The Amazon is the world’s biggest rainforest and its protection is seen as vital to curbing climate change. It acts a carbon sink that sucks in planet-heating pollution from the atmosphere. When forests or trees are destroyed, they emit greenhouse gases. Deforestation and land degradation is responsible for at least one-tenth of the world’s carbon pollution.

Deforestation in Brazil fell by 22.3% in the 12 months through July, according to data from the national government, as President Luiz Ignácio Lula da Silva started to make progress on his pledge to rein in the rampant forest destruction that occurred under his predecessor, Jair Bolsonaro.

Marcio Astrini, head of advocacy group Climate Observatory, described it as an “impressive result” that “seals Brazil’s return to the climate agenda.”

Still, Brazil’s deforestation rate remained nearly twice that of its all-time low in 2012. Around 9,000 square kilometers of rainforest were destroyed in the period. There’s a long way to go to meet Lula’s pledge to reach zero deforestation by 2030.

The ozone layer is healing well

NASA
False-color view of total ozone over the Antarctic pole. The purple and blue colors are where there is the least ozone, and the yellows and reds are where there is more ozone.

The Earth’s ozone layer is on track to recover completely within decades, a UN-backed panel of experts announced in January, as ozone-depleting chemicals are phased out across the world.

The ozone layer protects the planet from harmful ultraviolet rays, but since the 1980s, scientists have warned about a hole in this shield due to ozone-harming substances, including chlorofluorocarbons (CFCs), which were used widely in refrigerators, aerosols and solvents.

International cooperation has helped stem the damage. A deal known as the Montreal Protocol, which came into force in 1989, began the phase-out of CFCs.
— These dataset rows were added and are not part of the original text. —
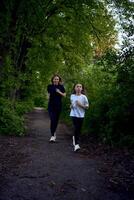 mor och dotter springa tillsammans längs en grön gränd foto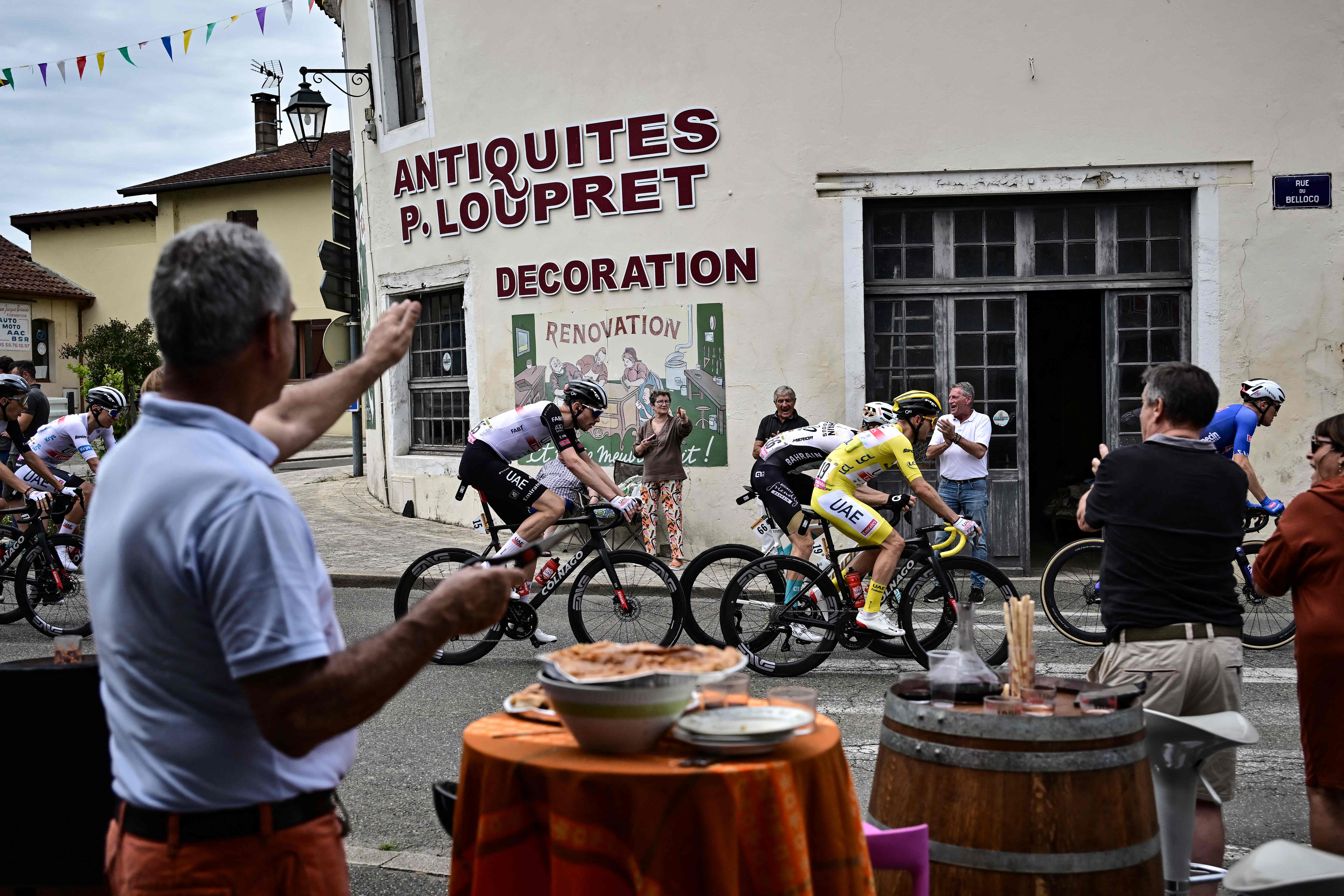 A spectator cheers from his buffet set up along the roadside as UAE Team Emirates' rider Adam Yates, wearing the overall leader's yellow jersey, cycles through Saint-Sever, during the 4th stage of the Tour de France between Dax and Nogaro, in southwestern France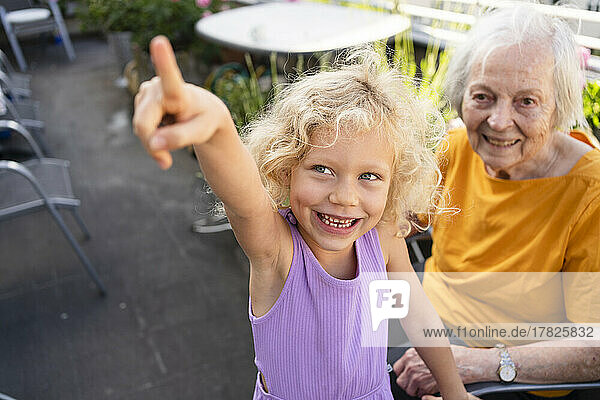 Glückliche Seniorin blickt auf ihre Enkelin und zeigt auf den Balkon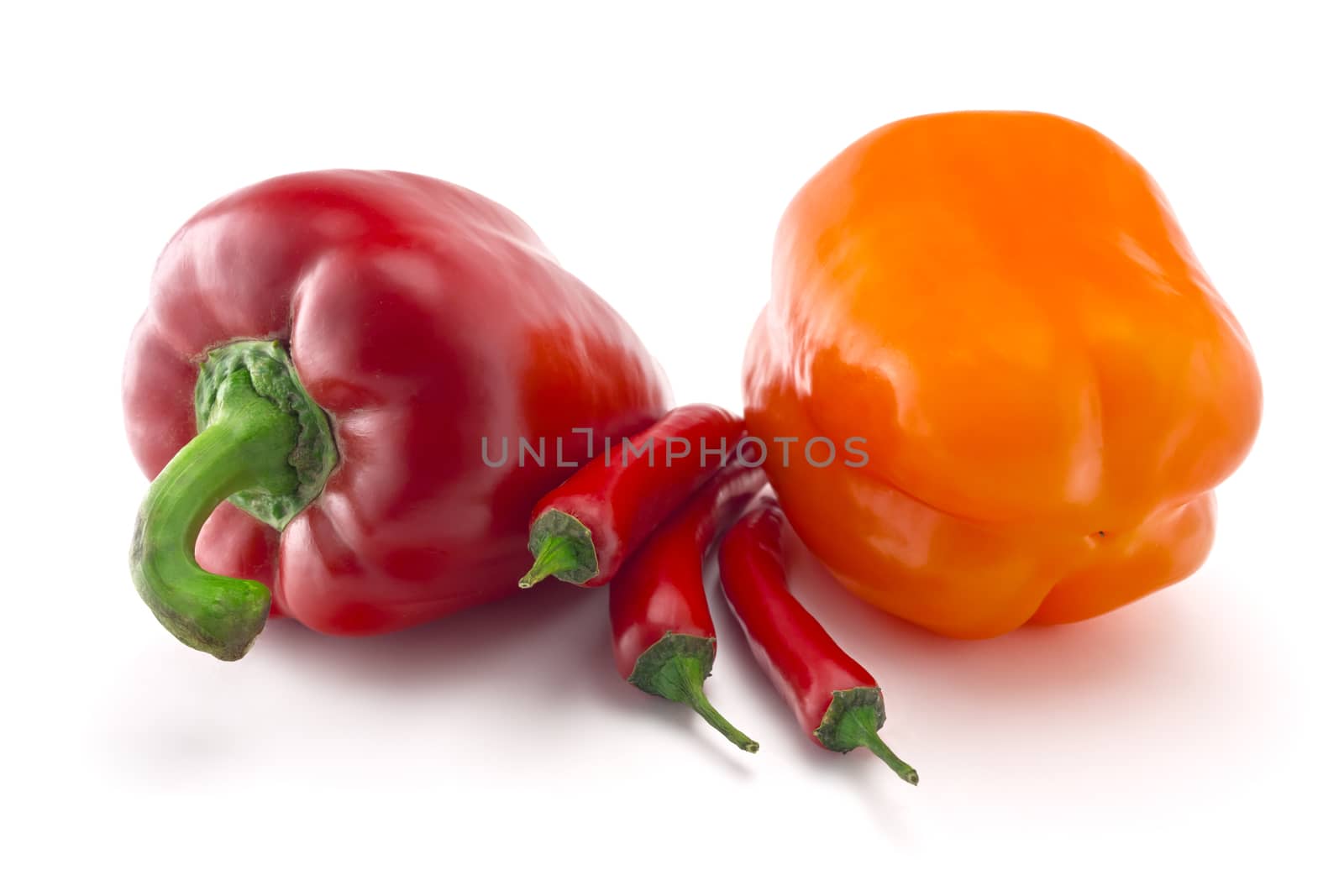 sweet and spicy peppers isolated on white background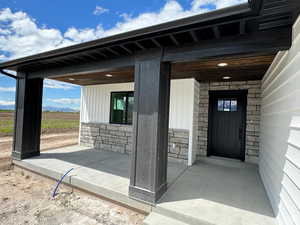 Doorway to property featuring stone siding and covered porch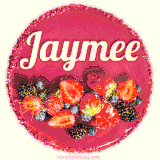 Beautifully decorated red velvet berry birthday cake with vibrant fruits and a glowing 'Jaymee' name, adding a touch of sweetness and sparkle.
The ozone layer’s subsequent recovery has been hailed as one of the world’s greatest environmental achievements.

If global policies stay in place, the ozone layer is expected to recover to 1980 levels by 2040 for most of the world, the assessment found. For polar areas, the timeframe for recovery is longer: 2045 over the Arctic and 2066 over the Antarctic.

A study published in November, however, cast some doubt on this progress. The paper, published by Nature Communications, found that a hole in the ozone layer over the Antarctic “has not only remained large in area, but it has also become deeper throughout most of the Antarctic spring.” But some scientists were skeptical of the study’s findings, saying it relied on too short a time period to draw conclusions about the layer’s long-term health.
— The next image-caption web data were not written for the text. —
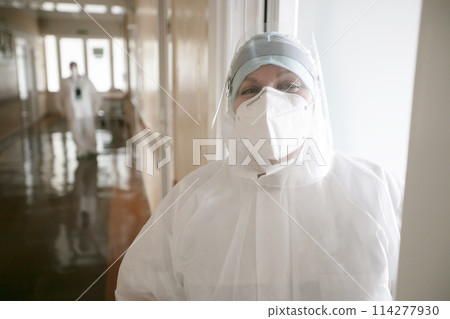 A doctor in a protective medical suit stands on the corridor of the hospital and smiles. 114277930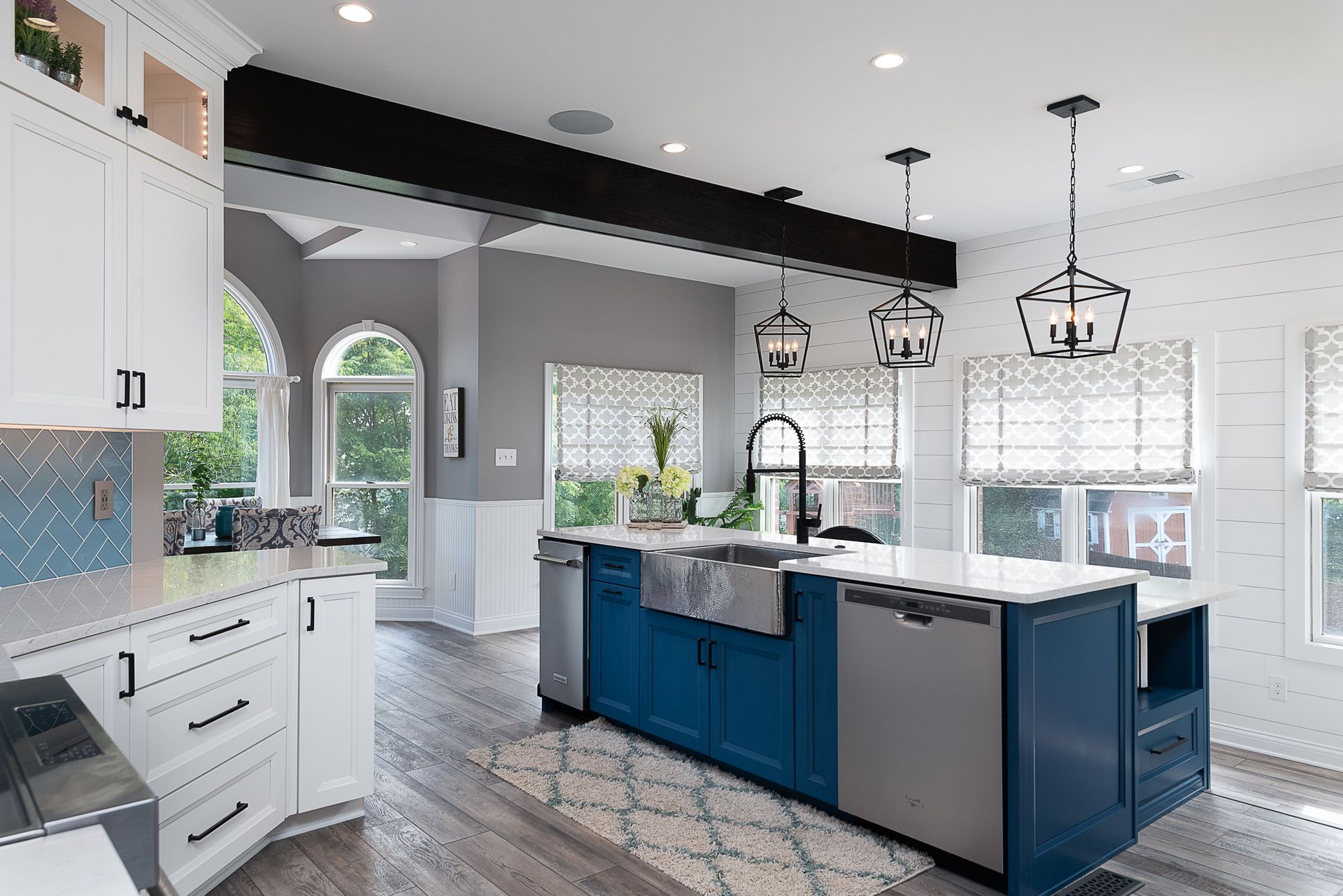 A kitchen with blue cabinets , white cabinets , stainless steel appliances and a large island.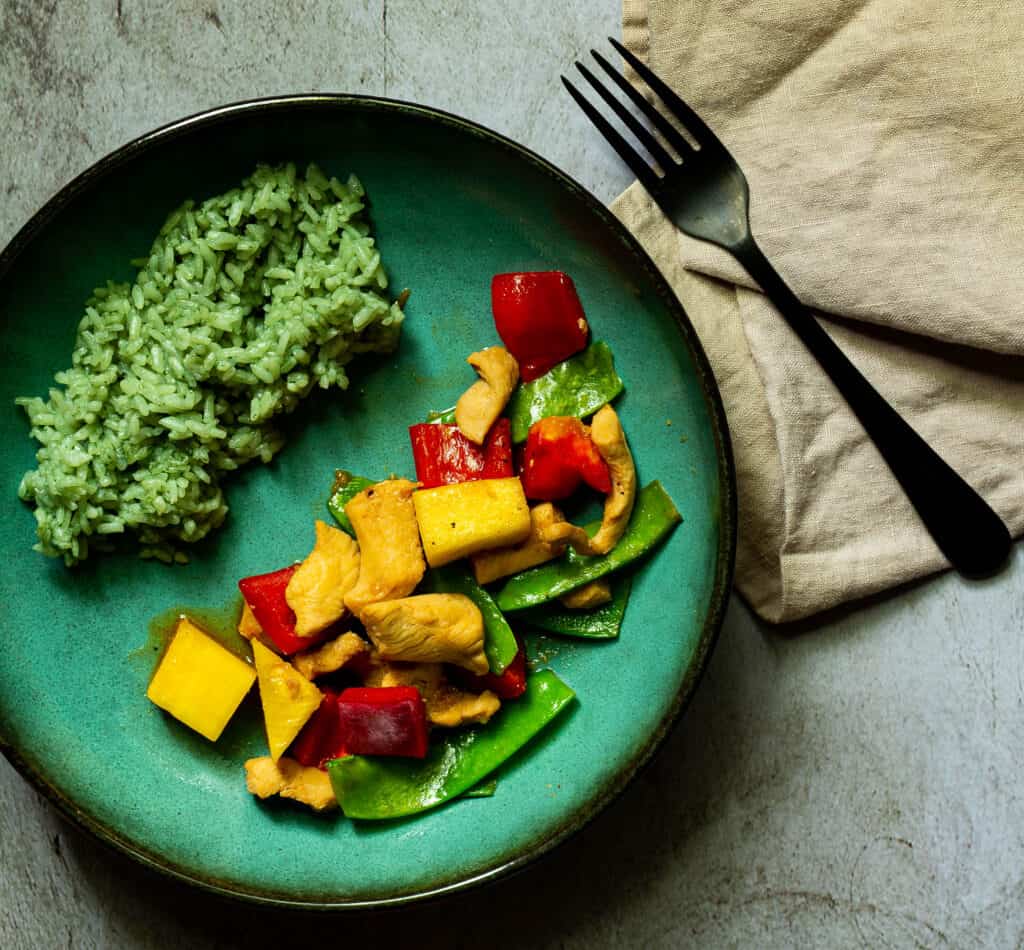 chicken pineapple stir fry in a green bowl with bamboo rice with a napkin and fork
Electric vehicle sales surge

Marli Miller/UCG/Universal Images Group/Getty Images
EV sales have climbed to a record high in America this year.

The popularity of electric vehicles has surged this year, with American sales at an all-time high. People in China and Europe are snapping up EVs in large numbers as well.

Electric vehicles — which are better for the planet than gas and diesel-powered cars when they run on renewable energy sources — are key to decarbonizing road transport, which is responsible for around one-sixth of planet-heating pollution globally, according to the International Energy Agency.

Americans purchased 1 million fully electric vehicles in 2023, an annual record, according to a report from Bloomberg New Energy Finance.

Electric vehicles accounted for about 8% of all new vehicles sales in the US during the first half of 2023, according to the report. In China, EVs accounted for 19% of all vehicle sales, and worldwide, they made up 15% of new passenger vehicle sales.

EV sales in Europe were up 47% in the first nine months of 2023, according to data from the European Automobile Manufacturers Association (EAMA). However, car dealers have warned that sales are dropping off as consumers wait for cheaper models, expected in two to three years’ time.